Louis Gabriel Kleineh (1808–1874) was a German-born hotelier and restaurateur in Finland. He played a central role in the development of Helsinki's hotel and restaurant trade in the mid-nineteenth century. He is regarded as the city's first truly significant restaurateur, and over several decades ran the most influential establishments in the Finnish capital, including the Society House (Societetshuset), Brunnshuset, and Hotel Kleineh. Through his work he laid the foundations for later figures in the trade, most notably Carl Kämp.

== Biography ==

=== Background ===
After Helsinki became the capital of the Grand Duchy of Finland — an autonomous part of the Russian Empire — in 1812, and the university was relocated there from Turku in 1828, the city developed a lively cultural and social life. Hotels, restaurants, and cafés gathered around the central administrative districts between Senate Square and the Market Square, and along the Esplanade. The seaside spa at Ulrikasborg and its associated Brunnshuset bathhouse, opened in 1838, became particularly important for tourism.

A pioneer in the trade was Cajsa Wahllund, originally from the Swedish province of Värmland and previously active in Turku. In 1819 she moved to Helsinki, where she ran several hotels and restaurants, including the Old Society House at the Market Square and an outdoor restaurant in Kaisaniemi Park founded in 1837, which came to bear her name. It was into this environment that Louis Kleineh arrived in 1840. Born in Rietberg in Westphalia, he belonged to a family of Prussian origin that had originally borne the name Kleinheinrich. He married Maria Christina Forsell, from a soldier and burgher family in Fredrikshamn, and later became a Finnish citizen. The couple first lived at Sveaborg, the sea fortress off Helsinki, where Kleineh served as steward of the noblemen's club, before settling in the city.

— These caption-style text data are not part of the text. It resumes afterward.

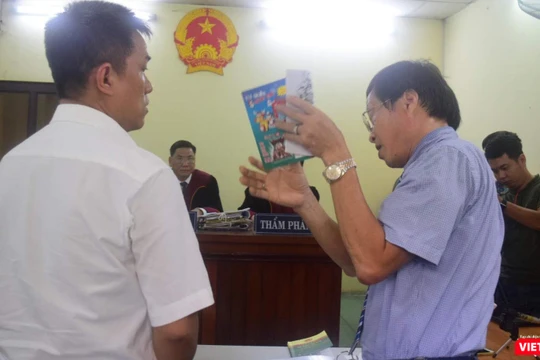 Họa sĩ Lê Linh (áo trắng) và ông Nguyễn Vân Nam (người đang cầm cuốn sách) - đại diện cho công ty Phan Thị với những trao đổi gay gắt tại tòa 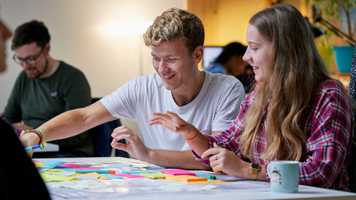 Students studying with sticky notes
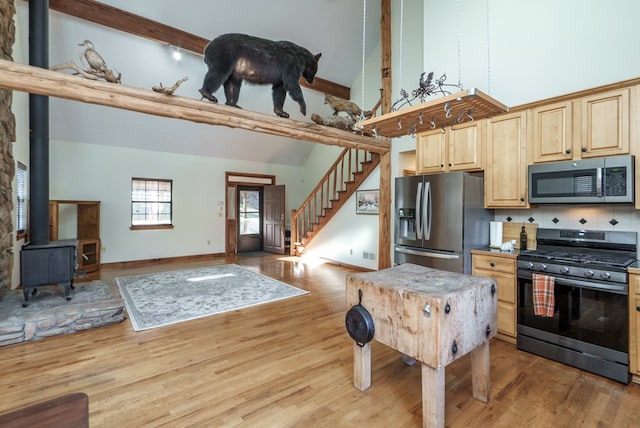 kitchen with a towering ceiling, stainless steel appliances, light brown cabinets, hardwood / wood-style floors, and a wood stove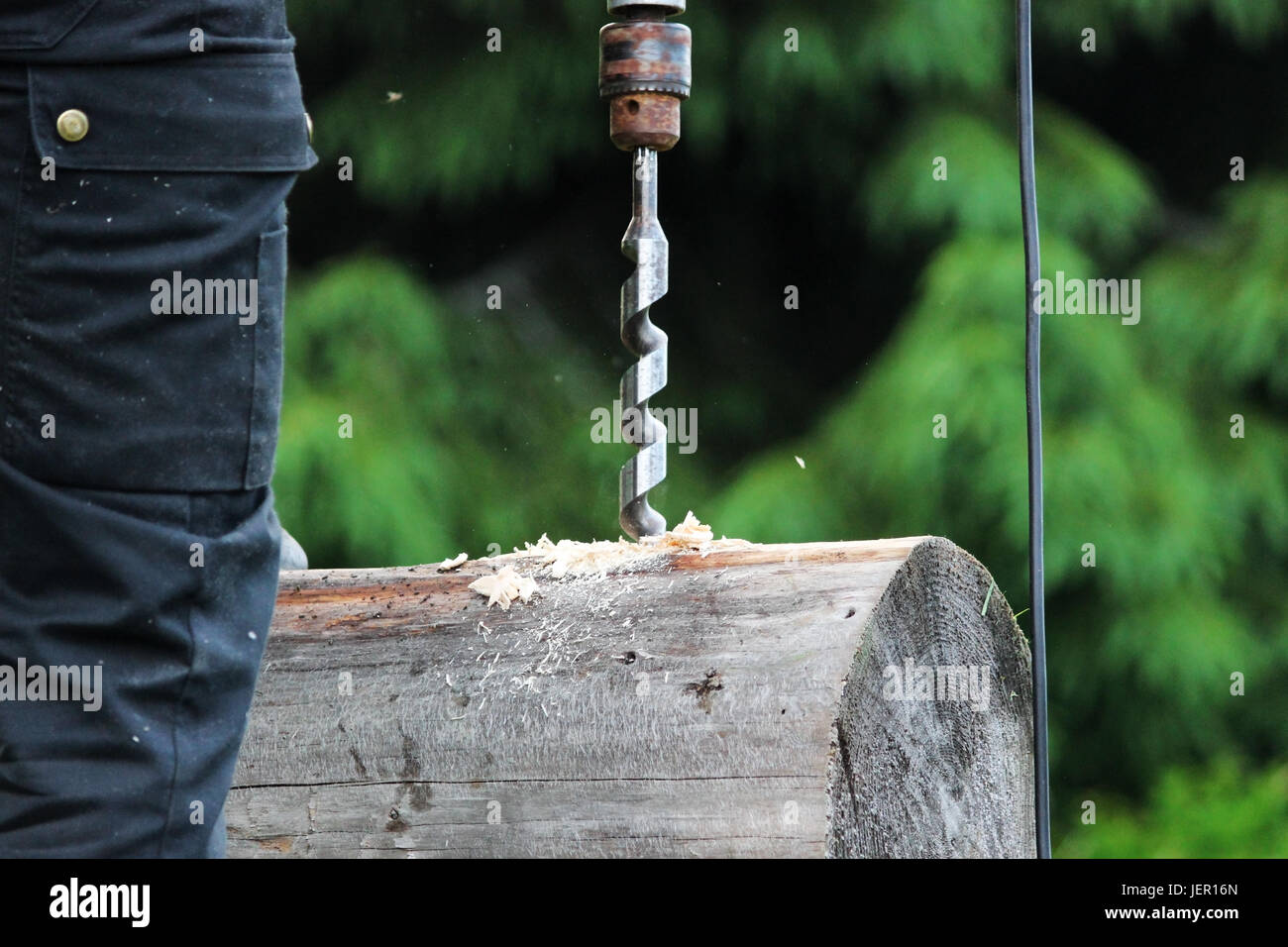 Il lavoratore raccoglie il telaio e le esercitazioni di un foro in un registro per il grano utilizzando un trapano quando la costruzione di una casa in legno Foto Stock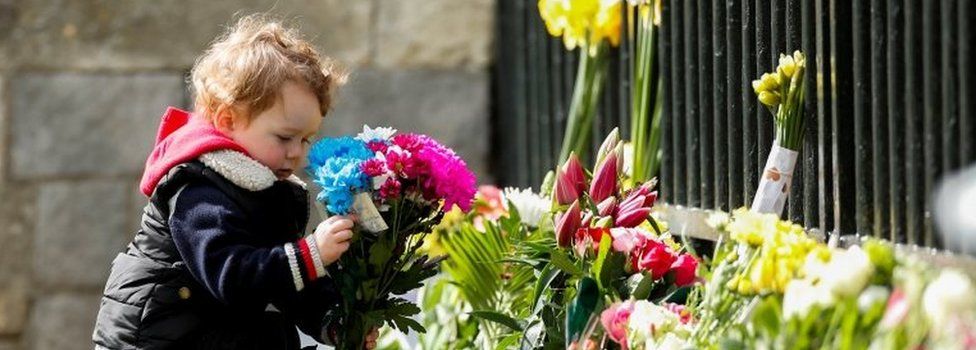 A child holds a bouquet of flowers outside Windsor Castle
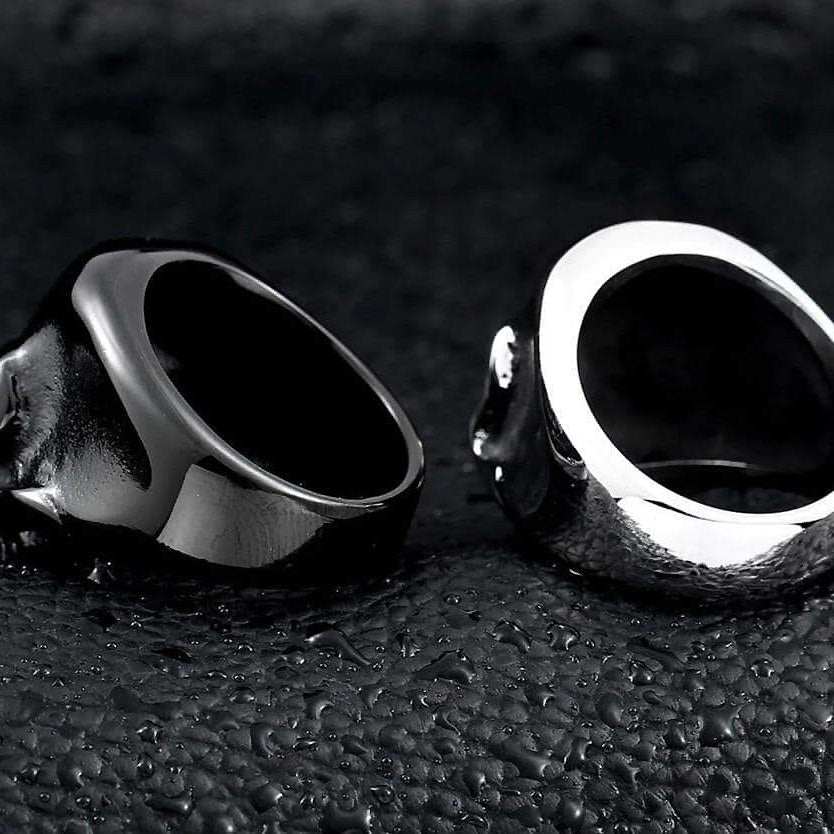 Black and silver stainless steel skull rings showing high polish and alternative fashion style on textured background.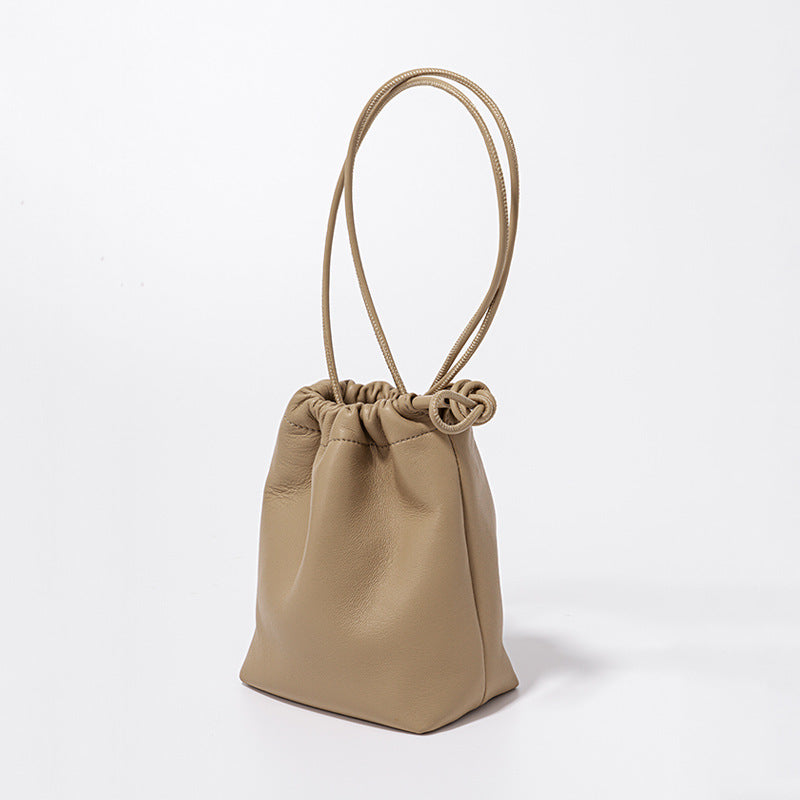 Chic Korean Mini Lambskin Bucket Bag with Soft Pleats and Drawstring Closure Silver Genuine Leather Crossbody Tote for Effortless Everyday Elegance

=== The Society House and Brunnshuset ===
Kleineh soon opened his own establishment, the Hôtel de S:t Petersbourg, at Unionsgatan. His professional skill and energy attracted wide admiration, and in 1843 he was appointed manager of the Old Society House. Under his direction it developed into a centre of the capital's cultural and academic life, hosting grand banquets, concerts, and theatrical performances. The Swedish soprano Jenny Lind performed there in 1843, and in 1852 the Society House was the venue for the world premiere of Kung Karls jakt, the first opera composed in Finland, with a libretto by Zacharias Topelius and music by Fredrik Pacius. In 1857 the explorer Adolf Erik Nordenskiöld delivered a noted patriotic speech at the Society House that brought him into conflict with the Russian imperial authorities and ultimately led to his exile from Finland.

Alongside his work at the Society House, Kleineh ran the restaurant at Brunnshuset during several summers in the 1840s and 1850s. He worked to develop the area into a popular leisure destination.